A head I’d smashed more times than the one that left the scar under my hairline.
Then he was gone.
“Oi!” I ran, bursting through the doors into cold air and chaos. Traffic. Voices. Courthouse steps spilling people in every direction. I scanned left, right, and caught sight of a white van fishtailing at the edge of the grounds.
Then it was gone.
Fuck.
I moved again, harder, cutting across the pavement, shouldering past people who hadn’t clocked the danger yet.
Tyler was ahead of me, full sprint. Ragged.
Panicked. I could smell it on him. He’d always been too loud in his fear, too reckless to hide it.
He glanced back, swore, and pushed for more speed.
So did I.
And I was faster.
I took him before he hit the corner. Full-force with my shoulder, sending us both crashing to the ground.
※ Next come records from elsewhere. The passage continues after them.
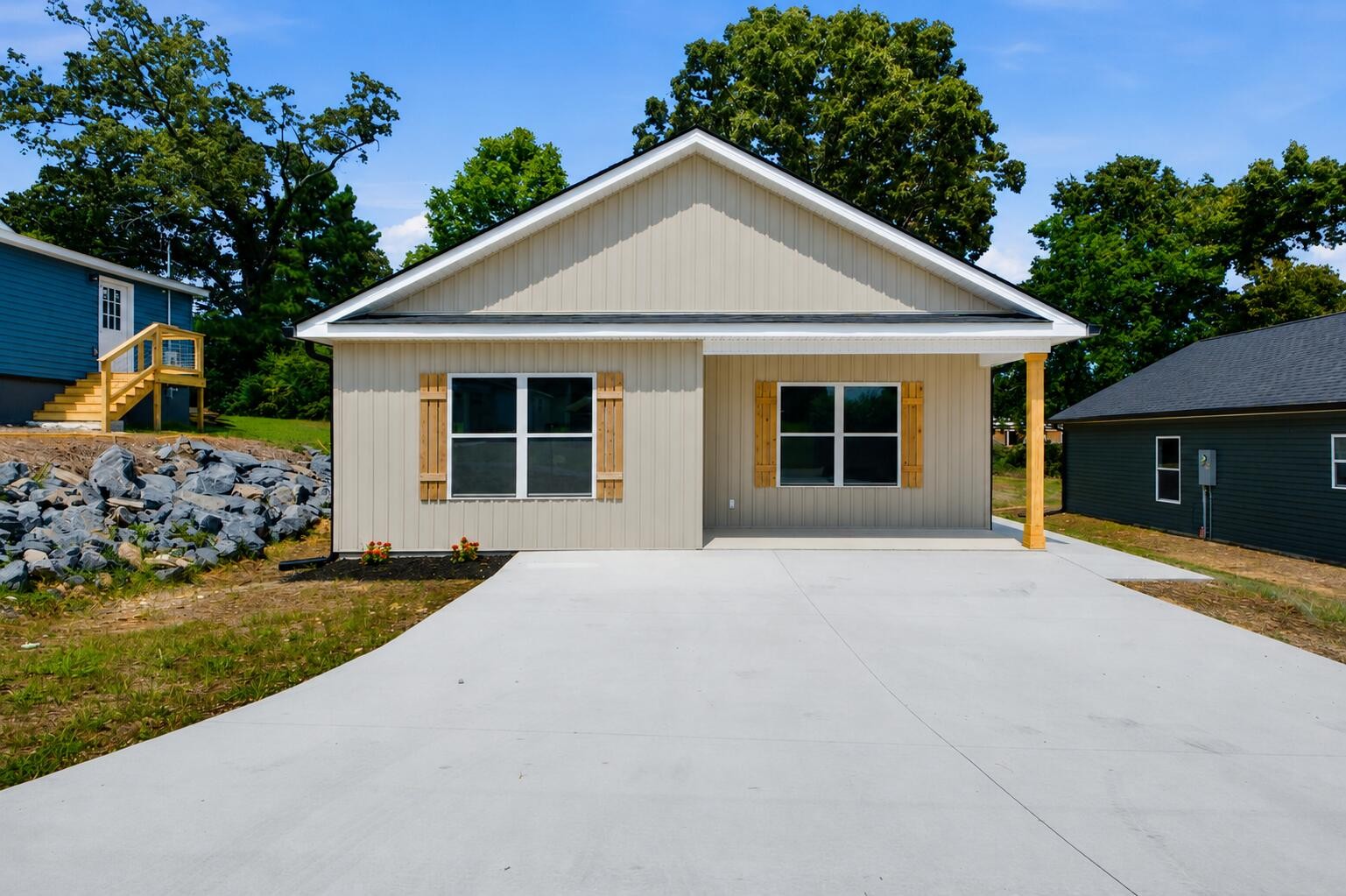 1571 Strawberry Lane, NE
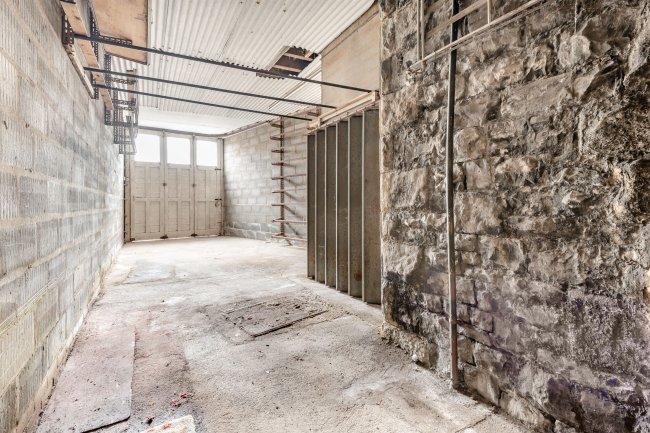 2 Stations Buildings, Warton Road, Carnforth, LA5 9BS 3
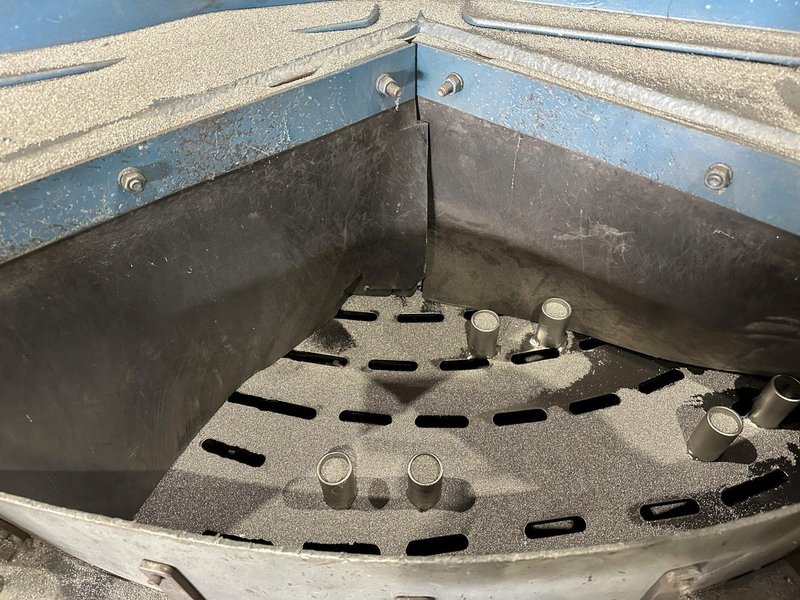 48&quot; TABLE VIKING MODEL #4812CT CONTINUOUS SHOT BLAST PARTS CLEANING SYSTEM, NEW IN 2017: STOCK #22469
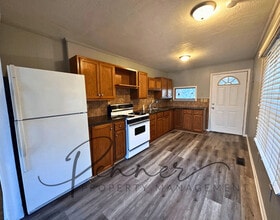 1327 W 27th St S in Independence, MO - Building Photo - Building Photo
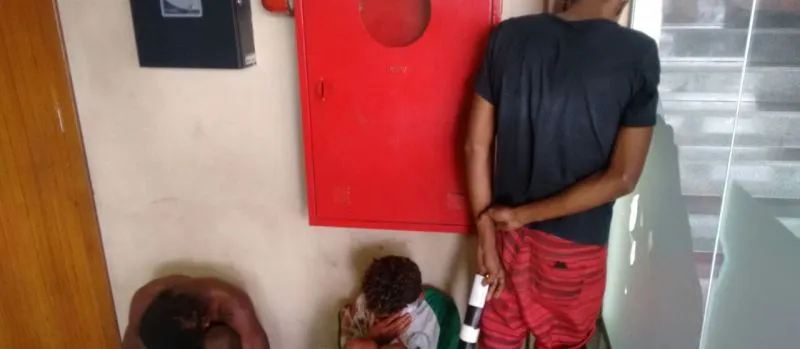 “MADEIRADA”: Trio usa arma de brinquedo para assaltos e acaba espancado em Feira de Santana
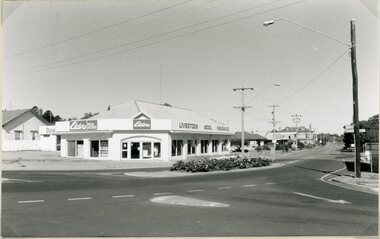 Photograph, Main Street and Patrick Street corner in Stawell 1996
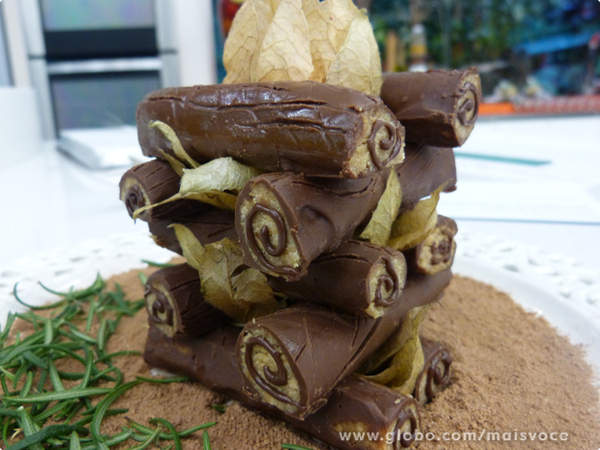 Palitinho de chocolate Amendoim Ana Maria: Receita Mais Você 28/06/13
He screamed as his face met concrete.
“Where the fuck is he?” I snarled.
He tried to scramble but I hauled him up by the collar and drove him back into the ground, the question landing with him.
“Where. Is. He.” I could’ve shouted. Could’ve grabbed someone. Could’ve done this the clean way. But clean doesn’t get answers. And this was what I was trained to do. So I smashed his face into the pavement again, splaying my hand over his cheek and forced him harder into the concrete. “Talk.”
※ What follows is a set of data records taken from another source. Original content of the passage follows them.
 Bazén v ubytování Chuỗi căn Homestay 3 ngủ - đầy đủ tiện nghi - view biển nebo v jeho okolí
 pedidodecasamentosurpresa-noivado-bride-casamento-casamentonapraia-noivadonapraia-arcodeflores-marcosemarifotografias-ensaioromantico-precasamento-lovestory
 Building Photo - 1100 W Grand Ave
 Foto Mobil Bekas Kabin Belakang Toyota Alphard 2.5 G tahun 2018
“Alright, alright!” he mumbled. “Fuck! Let up!”
I hauled him upright, locked him back to my chest and tucked my hand straight to his pocket.
Not the obvious one. The hidden one. And there it was.
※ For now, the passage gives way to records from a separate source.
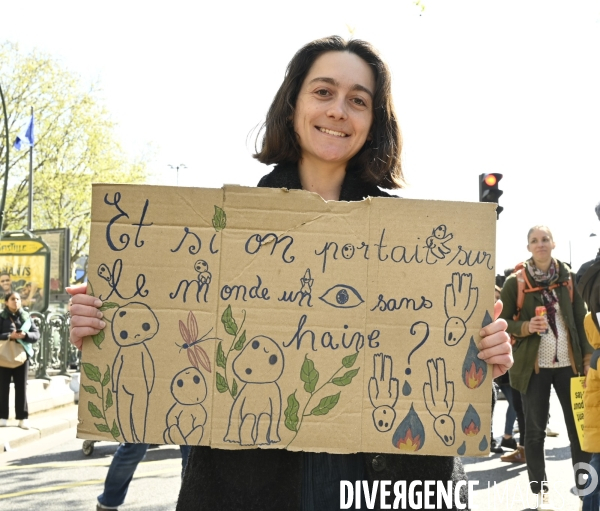 Marche pour le futur 2022, le 9 avril à Paris. Walk for the future.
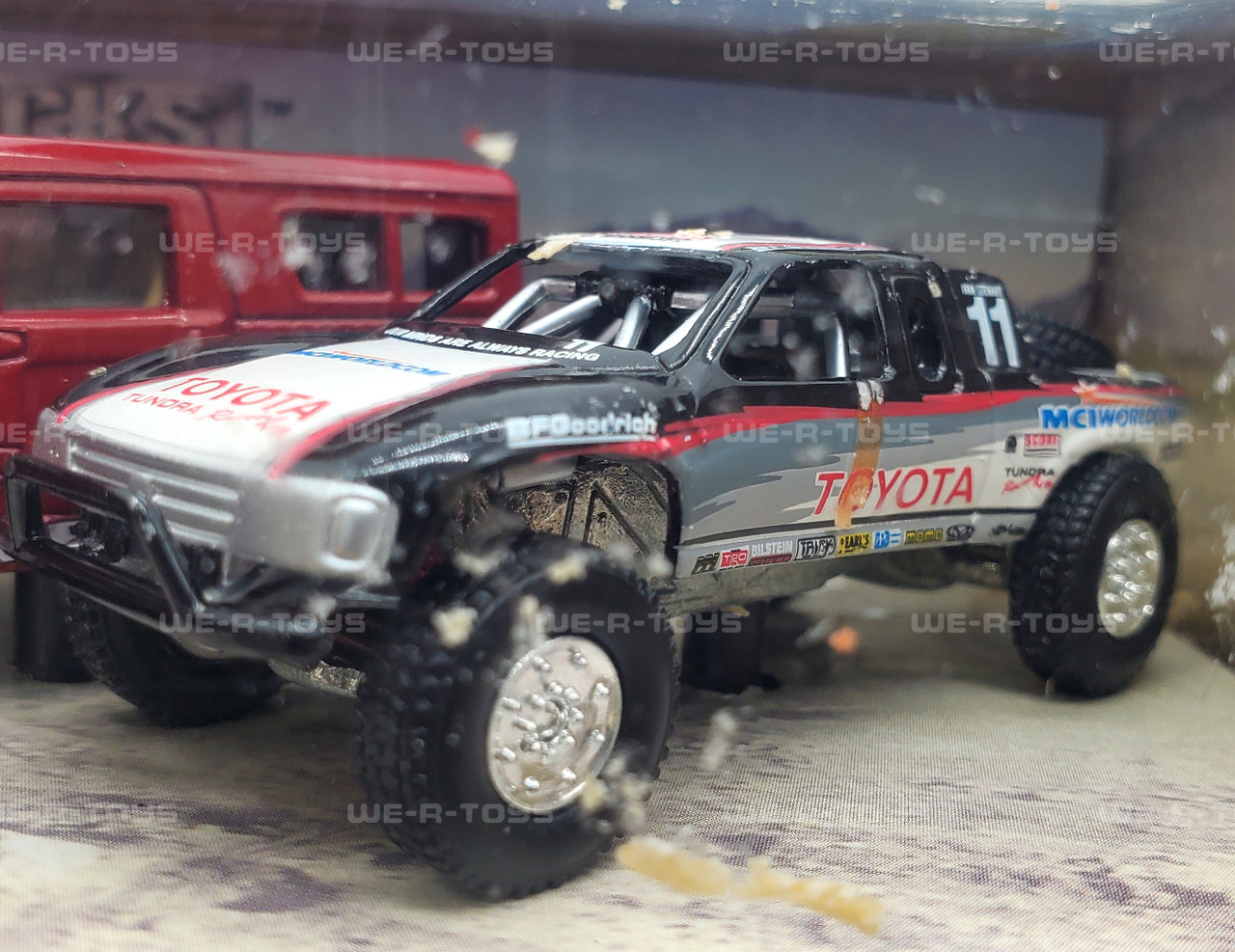 Hot Wheels Collectibles Xtreme Trucks Set Hummer & Baja Racer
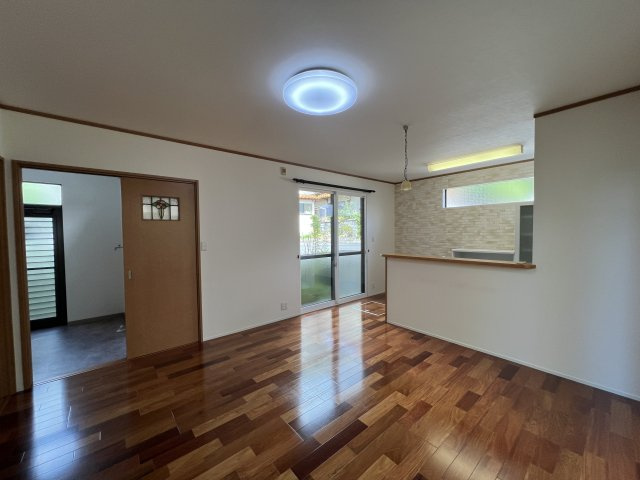 津山市小原　中古住宅4LDKの居間・リビング
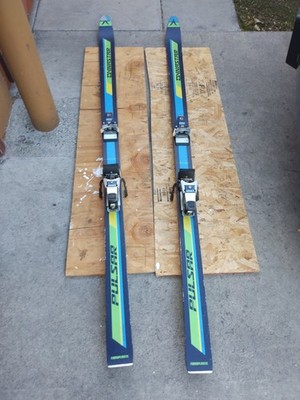 Vintage Dynastar Omega  66'' inch Long Snow Skies Made In France / Austria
Plastic handle. No metal. Nothing to alert anyone to anything, not even a pat-down would show this.
I’d made one of them. Back in prison. I’d almost used it.
Funny how things go full circle, innit?
“You don’t answer me,” I pressed the shank into his side, “I’ll open you up right here.”
“Was told to take you there eventually, anyway.” Tyler nudged his chin forward. “Car’s close. Round the back.”
I shoved him forward.
The car was parked half a street away. Engine still warm. He scrambled in. I followed.
“You know,” Tyler started the engine with shaking hands, “I’m driving you straight to your funeral.”
“As always, bruv,” I sat back, “you’re coming with me.”
The car lurched forwards and Tyler took the turns too fast, tyres screaming as London smeared past the windows.
Lights, junctions, pedestrians stepping off kerbs without knowing how close they were to dying by being in the wrong lane.
I kept my eyes ahead, the plastic shank pressed into his side. Steady as a promise.
“What do you know?” I asked.
Tyler looked away from the road for a moment. “Enough to know you ain’t walking away from this.”
“Yeah?” I widened my eyes in challenge.
“Yeah.”
“We’ll see.”
He didn’t answer that.
After a while, he slowed. Turned. Pulled up outside a warehouse I recognised instantly.
Battersea. Same place I’d been dragged to before.
Same concrete. Same rot in the air. Ironically, Tyler had been here too.
On the floor, bleeding, when I’d been told to make a point of him.
I recognised the van parked outside and breathed out slow.
If I’d had a phone, I might’ve called this in.
But that was the thing about growing up the way I had. You moved first. Thought later. And sooner or later, that habit caught up with you.
Like now.
I’d always known this was how it ended. One way or another. Prison or a box. And as it looked like prison weren’t getting to me, this was the insurance policy finally being cashed. And guess what? They had leverage, at last. The thing I’d spent years making sure they never had.
And it was waiting for me inside.
“This a joke?” I turned to Tyler.
Tyler shook his head. “Ain’t laughing, bruv.”
“Me either.”
“You could run, y’know? Get the fuck out of here.”
I snorted, looked at him properly. “No. I can’t.”
He gave a thin smile. “Yeah. That bleeding heart finally did you in, eh?”
“Like you said it would.” I got out of the car.
I don’t know why I kept hold of the plastic bit of shit in my hand, it wouldn’t be worth anything in there if what I expected was waiting for me, but it was something.
A reminder. That there were always options.
That pain could still be dealt if it came to it.
A safety net. Better than walking in empty-handed.
So I tucked the plastic shank in my pocket and shut the door.